Wir sind im letzten Sommer im Juli gestartet und heute kann ich Ihnen ein erstes Zwischenfazit nach den ersten acht Monaten geben. Wir sind mittlerweile ein Team von 15 Festangestellten, wenn man das ganze Team mit externen Mitarbeitern, Praktikanten, Fellows und Voluntären rechnet, sind wir schon etwas mehr als 30 Leute. Die Zentrale von CORRECT!V ist in Essen und die Betriebsstätte, wo der redaktionelle Alltag stattfindet, ist in Berlin. Wichtig ist unsere Rechtsform, wir sind gemeinnützig, hinter uns steckt die Correctiv – Recherchen für die Gesellschaft gGmbH.

Drei Dinge, die wir mit CORRECT!V gern in Verbindung bringen wollen, sind die Gemeinnützigkeit, das heißt, wir sind nicht profitorientiert, wir finanzieren uns über Spenden, die auch steuerlich absetzbar sind, das Zweite ist, dass wir investigativ unterwegs sind. Wir sind über Wochen, Monate oder gar Jahre mit Recherchen für ein Thema beschäftigt, bevor wir etwas veröffentlichen. Das Dritte ist unsere Unabhängigkeit. Unabhängigkeit heißt für uns, dass wir frei von politischen Einflüssen sind. Hinter uns stehen keine Interessengruppen, die mitbestimmen, welche Themen angegangen werden. Es gibt trotzdem Kontrolle, wir haben einen Aufsichtsrat, der sich die Finanzen genau anschaut, es gibt einen Ethikrat, der uns inhaltlich begleitet. Und zur Unabhängigkeit gehört auch, dass wir keinen Produktionsdruck haben, keine Zeitung muss am nächsten Tag fertig sein, kein Sender muss bedient werden. Unsere Geschichten werden veröffentlicht, wenn sie fertig recherchiert sind.

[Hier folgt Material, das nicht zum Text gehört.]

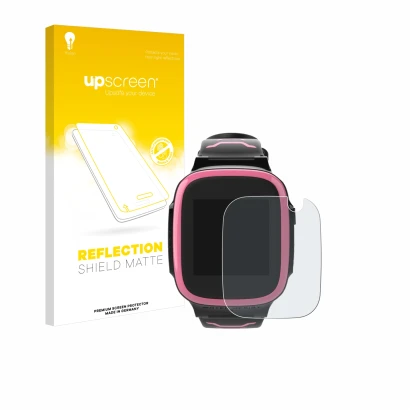 Face avant d’un emballage produit avec le logo de la marque upscreen. À côté, l’appareil Xplora X5 Play est représenté avec la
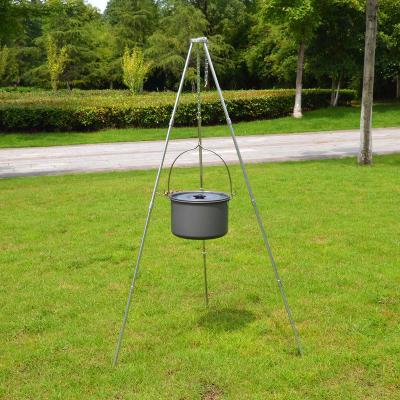 China 6 People Campfire BBQ Stove Grill Tripod Pot Hanger Picnic Fire Bracket Aluminum Alloy for sale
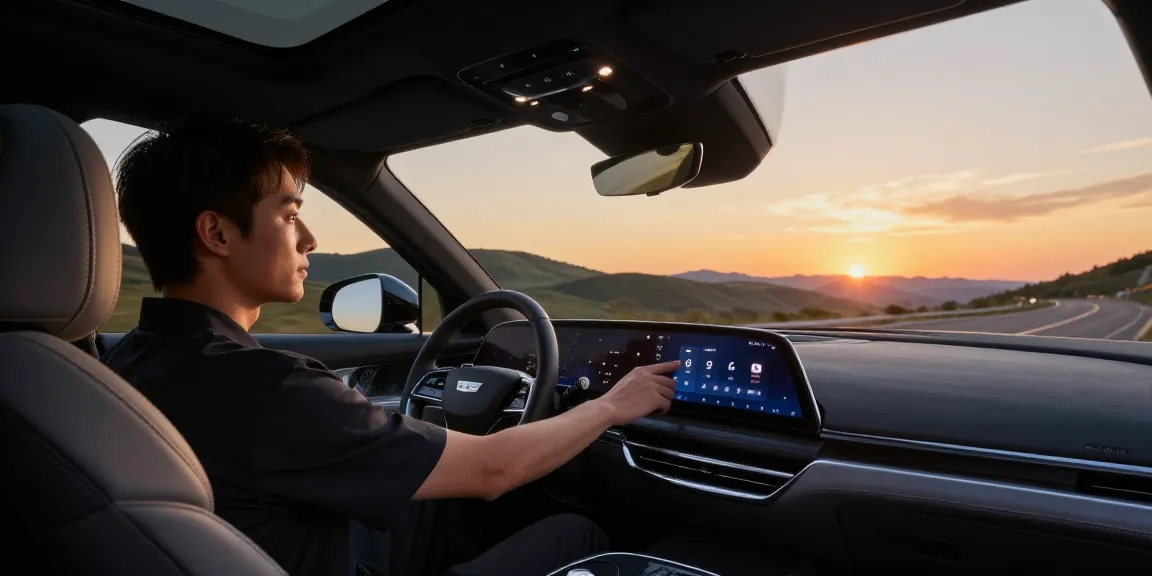 The Cadillac Lyriq showcases driving modes affecting range and battery usage on a scenic sunset drive.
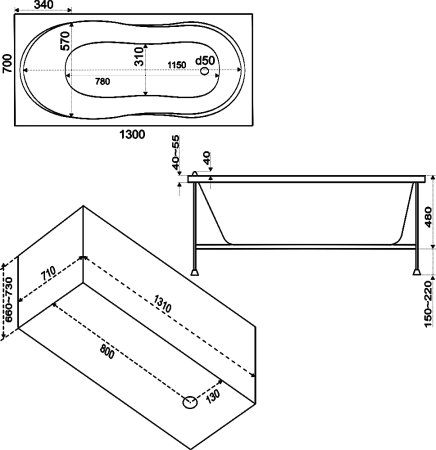 Акриловая ванна Bas Лима стандарт 130x70 см на ножках 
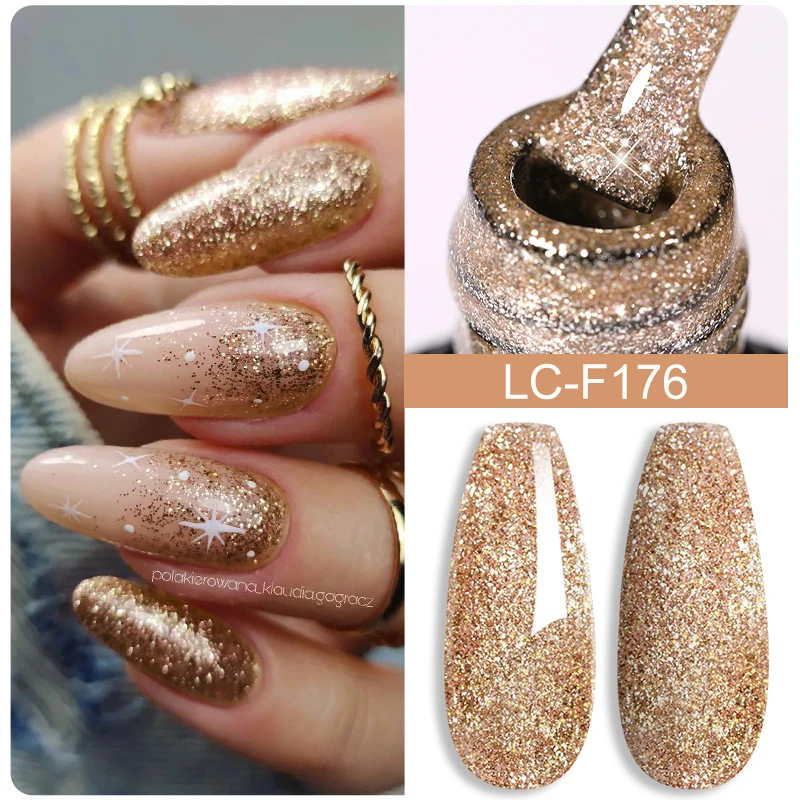 LILYCUTE 7ml Champagne Rose Gold Glitter Gel Nail Polish Colorful Sparking Long Lasting Manicure Soak Off Nails Art Gel Varnish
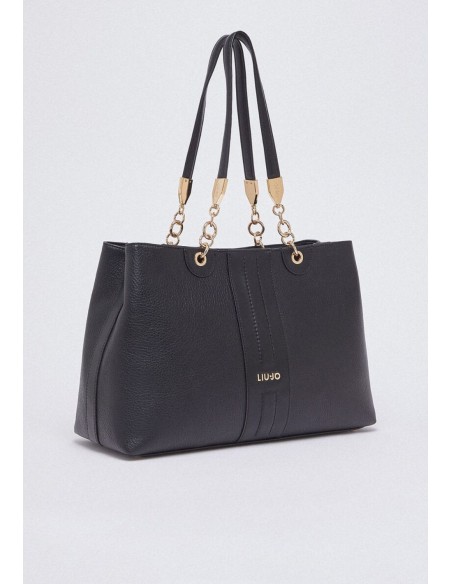 Borsa tote media effetto bottalato con tracolla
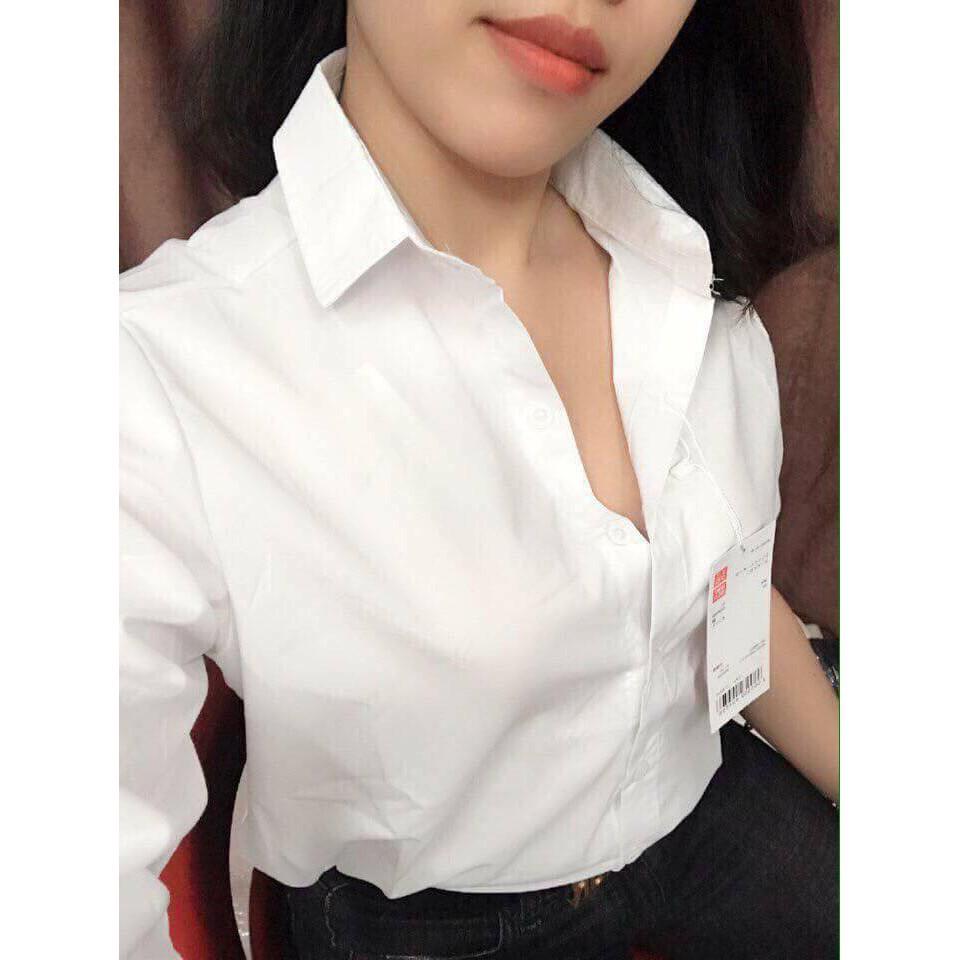 Áo sơ mi nữ dài tay xanh nhạt basic dáng suông đẹp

Unser Anspruch bei CORRECT!V, den wir bei den Recherchen zugrunde legen, ist, dass wir Missstände der Gesellschaft erkennen wollen. Wir glauben, dass wir durch unsere Gemeinnützigkeit mehr Möglichkeiten bei der inhaltlichen Arbeit haben. Wir werden sogar dazu gezwungen. Um wirklich gemeinnützig zu arbeiten, schauen wir, was der Gesellschaft zugutekommt, wo gibt es Fehlverhalten, wie definieren wir Fehlverhalten und worüber wurde noch nicht berichtet. Die Themen, die wir angehen, die möchten wir nachhaltig besetzen. Das heißt, wir berichten nicht nur einmal, wir begleiten das über einen langen Zeitraum und schauen, was ist mit dem Thema passiert. Wir möchten immer wieder darüber berichten und das auch aus verschiedenen Perspektiven. Und am Ende steht der Anspruch für uns als Journalisten, dass wir die Gesellschaft zum Positiven verändern können, wenn wir tief in Themen eintauchen und Missstände offenbaren.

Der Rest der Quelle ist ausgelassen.